- [What to work on]:
The answer must be an exact copy of the lines from the top of the listing below through the line with "Hello everyone, this", with no pictures.

- [Stored data]:
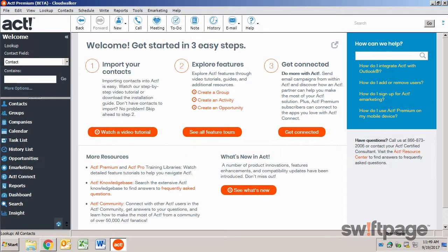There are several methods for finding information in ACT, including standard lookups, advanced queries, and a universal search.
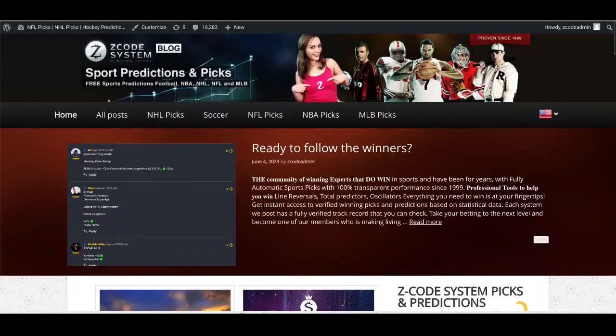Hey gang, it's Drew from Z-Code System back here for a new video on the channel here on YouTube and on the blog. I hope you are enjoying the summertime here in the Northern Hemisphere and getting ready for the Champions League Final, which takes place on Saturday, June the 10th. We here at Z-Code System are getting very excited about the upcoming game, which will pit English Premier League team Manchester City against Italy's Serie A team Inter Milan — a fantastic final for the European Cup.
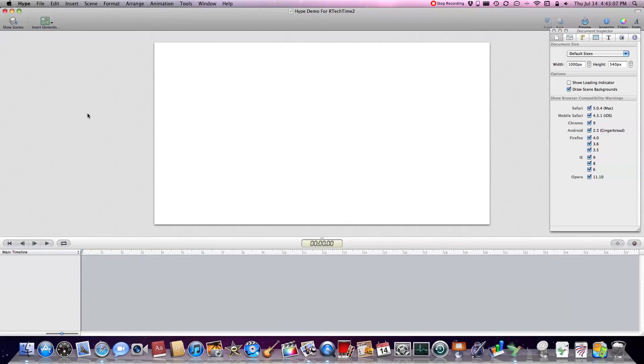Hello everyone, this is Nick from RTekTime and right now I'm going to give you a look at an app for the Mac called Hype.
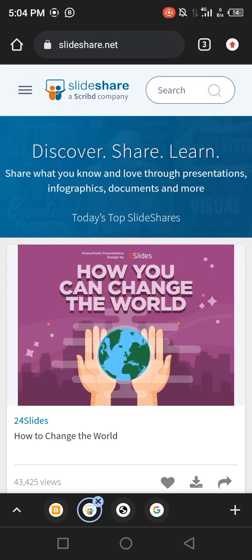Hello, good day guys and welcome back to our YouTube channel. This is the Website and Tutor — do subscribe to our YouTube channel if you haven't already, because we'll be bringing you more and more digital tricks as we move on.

- [Exercise response]:
There are several methods for finding information in ACT, including standard lookups, advanced queries, and a universal search.
Hey gang, it's Drew from Z-Code System back here for a new video on the channel here on YouTube and on the blog. I hope you are enjoying the summertime here in the Northern Hemisphere and getting ready for the Champions League Final, which takes place on Saturday, June the 10th. We here at Z-Code System are getting very excited about the upcoming game, which will pit English Premier League team Manchester City against Italy's Serie A team Inter Milan — a fantastic final for the European Cup.
Hello everyone, this is Nick from RTekTime and right now I'm going to give you a look at an app for the Mac called Hype.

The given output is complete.